After huge amounts of analysis, offline and online test matches, implementation in competitions around the world and use at four FIFA tournaments – FIFA Confederations Cup Russia 2017, FIFA U-20 World Cup Korea Republic 2017 and FIFA Club World Cup Japan 2016 and UAE 2017 – members were satisfied it would be a positive addition to the game.
What are they looking for?
So, how will VAR be assisting referees when they are involved? They will be watching out for clear errors in these four game-changing parts of a match:
They will determine whether there was an infringement that means a goal should not be awarded.
2 Penalty decisions
Their role is to ensure that no clearly wrong decisions are made in conjunction with the award or non-award of a penalty kick.
3 Red card incidents
VARs will make sure no clear error has been made in conjunction with sending off or not sending off a player.
4 Mistaken identity
When a referee cautions or sends off the wrong player, or is unsure which player should be sanctioned, VARs are on hand to inform them.
What’s the procedure?
VARs are consistently assessing crucial decisions int he background but should they need to be in contact with the referee, here is the process that follows:
1 Incident occurs
The referee informs the VARs, or the VARs recommend to the referee that a decision/incident should be reviewed.
2 Review and advice by VARs
The video footage is reviewed by the VARs, who advise the referee via headset what the video shows.

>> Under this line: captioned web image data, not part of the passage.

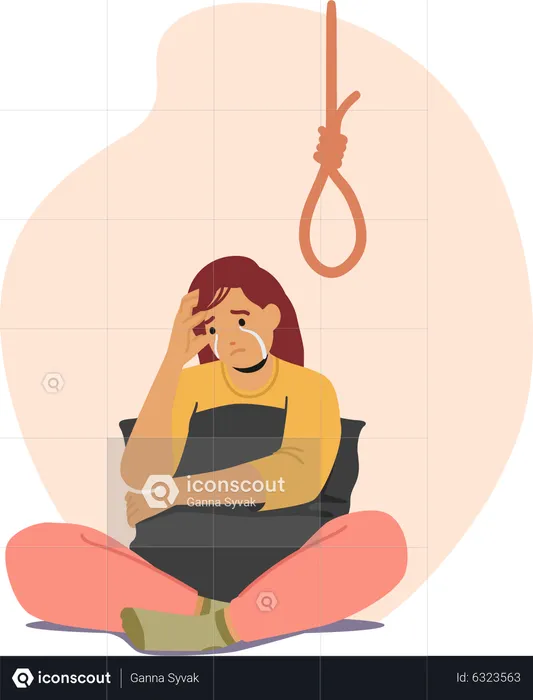 Woman sitting on floor thinking of suicide  Illustration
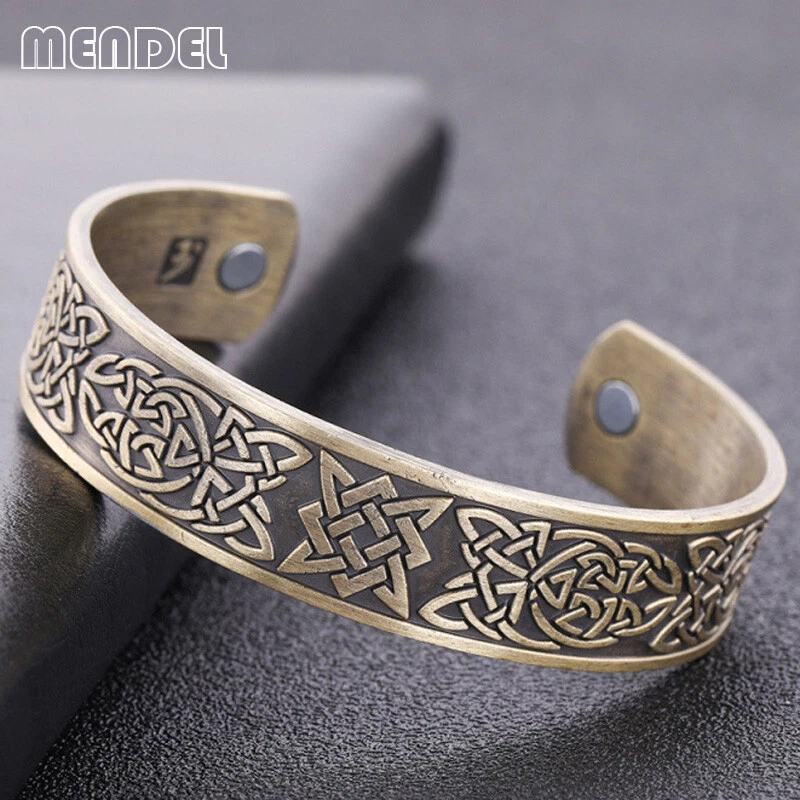 Pulseira masculina MENDEL vintage nórdica viking celta trindade nó punho irlandês - Imagem 1 de 4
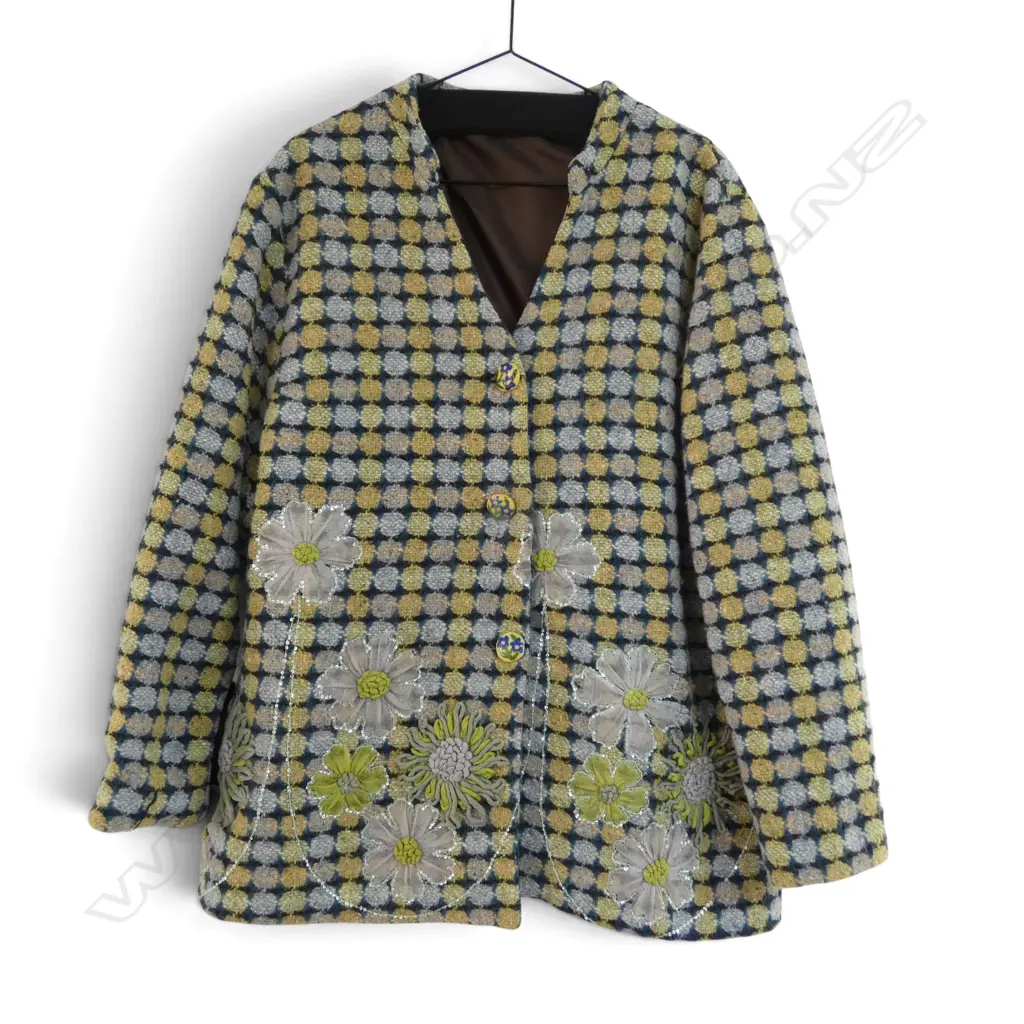 VINTAGE WOOL COLLARLESS FLORAL JACKET Image 1++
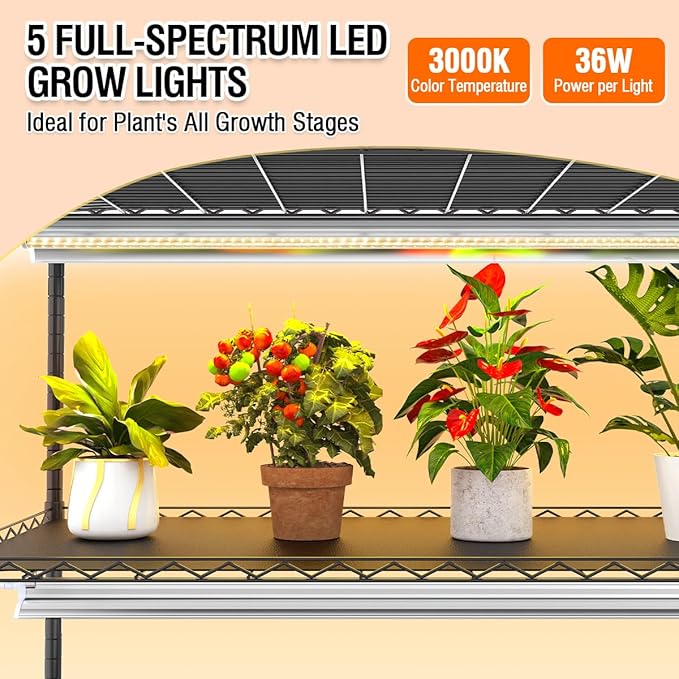 5 Tier Metal Plant Stand with Grow Light & PVC Cover Portable Mini Greenhouse with Shelves Adjustable Small Indoor Green House with Grow Light for Indoor Plants, Seedling Rack 49"x21.6"x79"
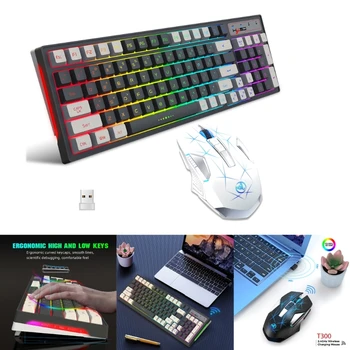 Игровая клавиатура USB с RGB подсветкой, Механическая клавиатура, Беспроводная Геймерская Эргономичная Компьютерная клавиатура для киберспортивных игр, набор мышей B36A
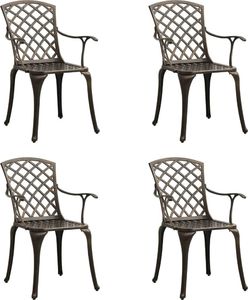 vidaXL Krzesła ogrodowe 4 szt., odlewane aluminium, brązowe 1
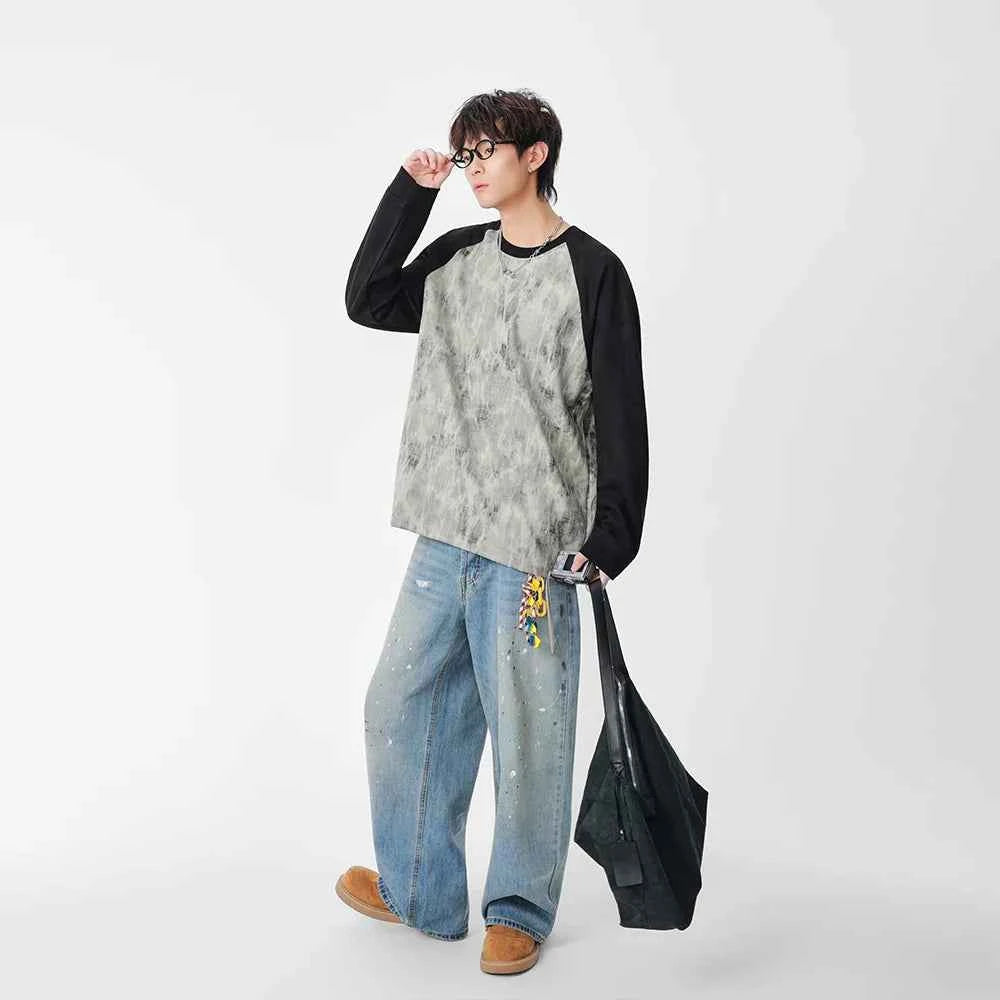 Y2K Cozy Distressed Crew Neck Sweatshirt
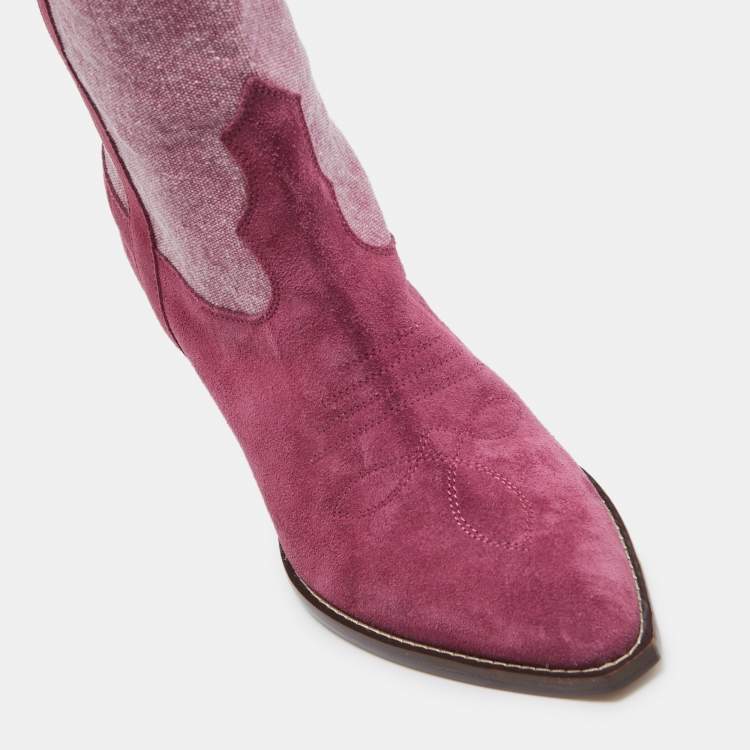 Pre Owned Isabel Marant Pink Suede and Canvas knee Length Boots Size 38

3 Decision or action is taken
The referee decides to review the video footage on the side of the field of play, or the referee accepts the information from the VARs, and takes the appropriate action.
Frequently asked questions
Who makes the final decisions?
Final decisions always remain with the referee. VARs are purely there to assist, providing guidance and information to help avoid clear errors.
Does having VARs make a difference?
An independent study has found VARs to help boost correct decision making from 93 per cent up to 98.8 per cent*.
Will this not cause long breaks in play?
With on-field reviews taking place only on average once in every three games, less than a minute of playing time is lost through using VARs, compared to almost nine minutes relating to free-kicks*.